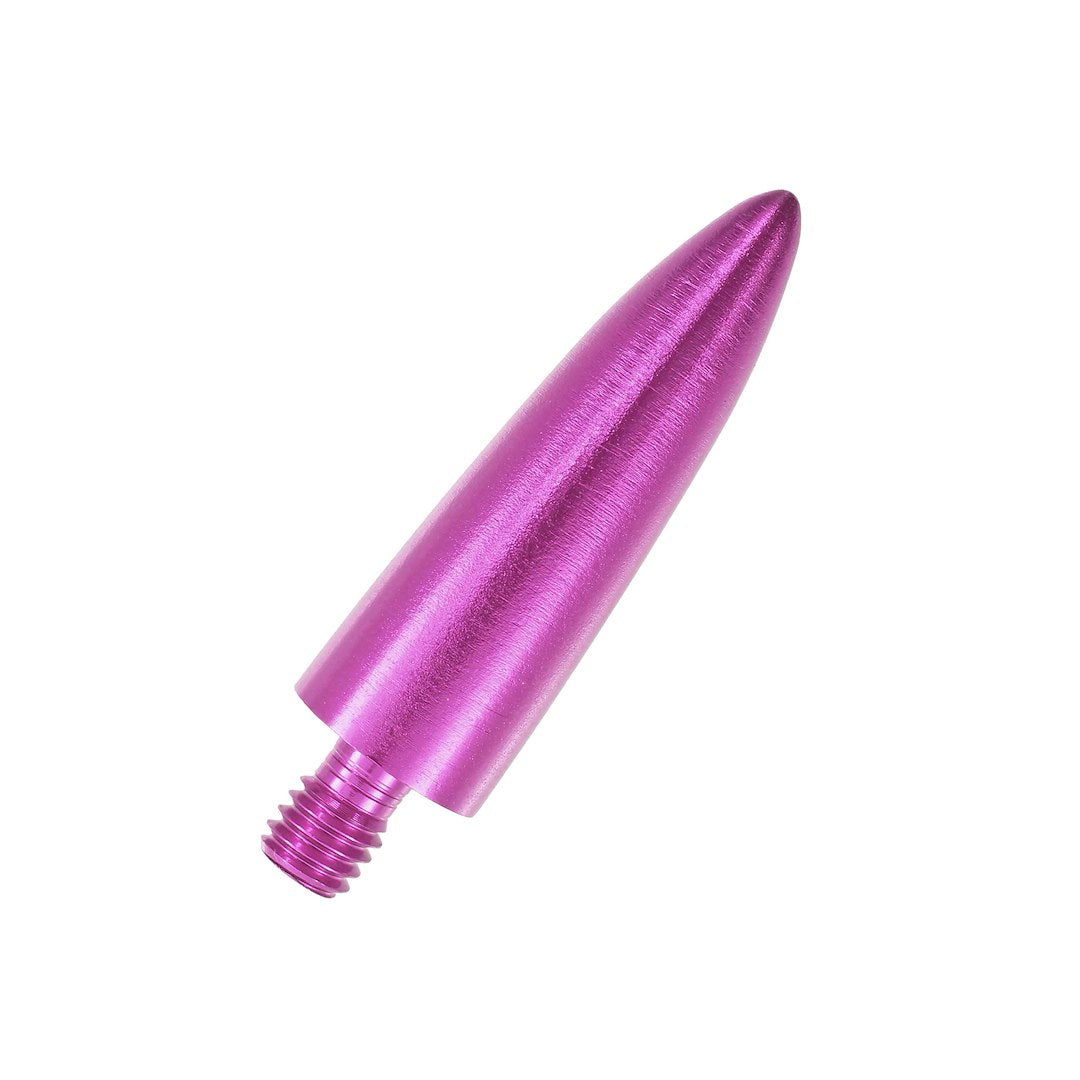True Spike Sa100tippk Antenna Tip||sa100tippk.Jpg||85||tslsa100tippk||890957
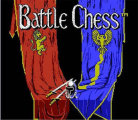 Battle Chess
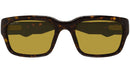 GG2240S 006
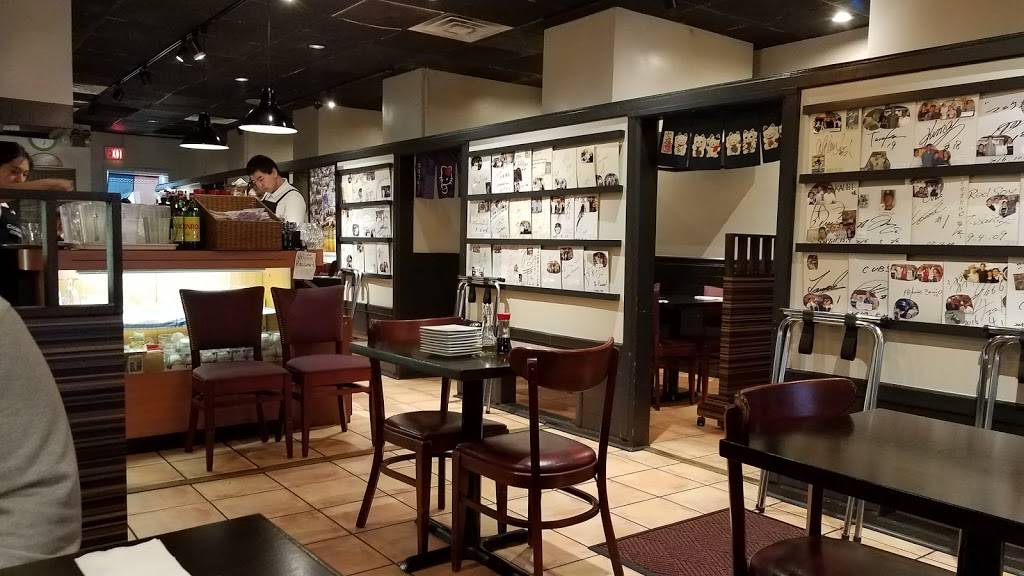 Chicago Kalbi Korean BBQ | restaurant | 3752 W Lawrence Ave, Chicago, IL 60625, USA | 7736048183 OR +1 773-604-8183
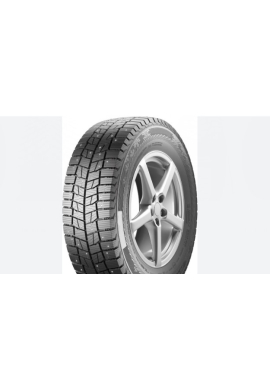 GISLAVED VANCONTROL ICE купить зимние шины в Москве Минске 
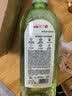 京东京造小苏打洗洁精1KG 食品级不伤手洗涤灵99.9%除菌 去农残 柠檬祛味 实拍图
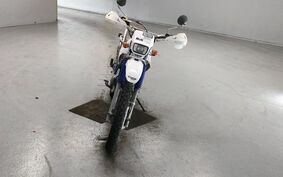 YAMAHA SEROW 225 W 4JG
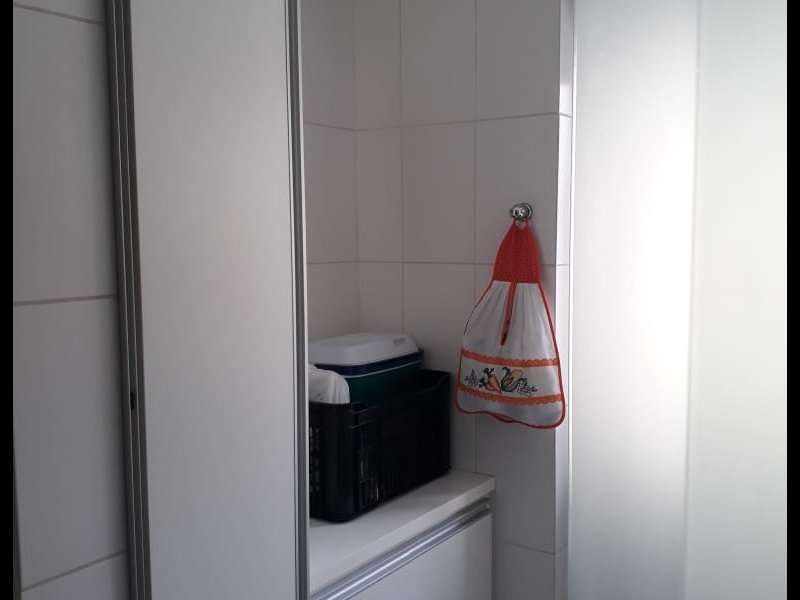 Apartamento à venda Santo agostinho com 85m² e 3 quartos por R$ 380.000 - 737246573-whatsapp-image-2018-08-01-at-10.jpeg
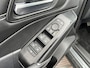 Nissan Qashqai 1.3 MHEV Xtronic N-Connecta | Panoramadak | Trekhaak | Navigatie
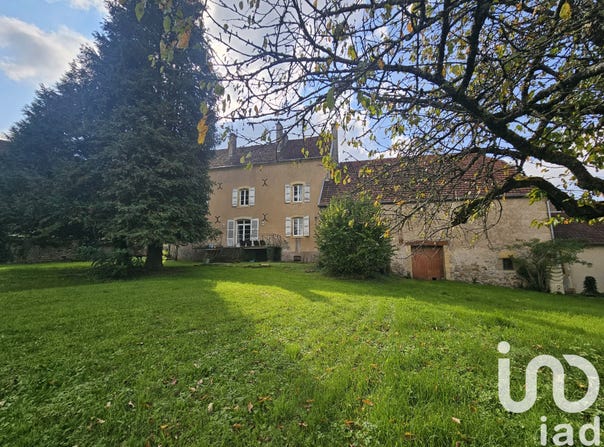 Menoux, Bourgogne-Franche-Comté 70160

● ● ● ● ●

**TASK INSTRUCTIONS:** Reproduce, without alteration and without pictures, only those lines that lie between the first line of the entries above and the line containing "Chicago Kalbi Korean", both of them included.

**RESPONSE TO THIS TASK:**
True Spike Sa100tippk Antenna Tip||sa100tippk.Jpg||85||tslsa100tippk||890957
 Battle Chess
 GG2240S 006
 Chicago Kalbi Korean BBQ | restaurant | 3752 W Lawrence Ave, Chicago, IL 60625, USA | 7736048183 OR +1 773-604-8183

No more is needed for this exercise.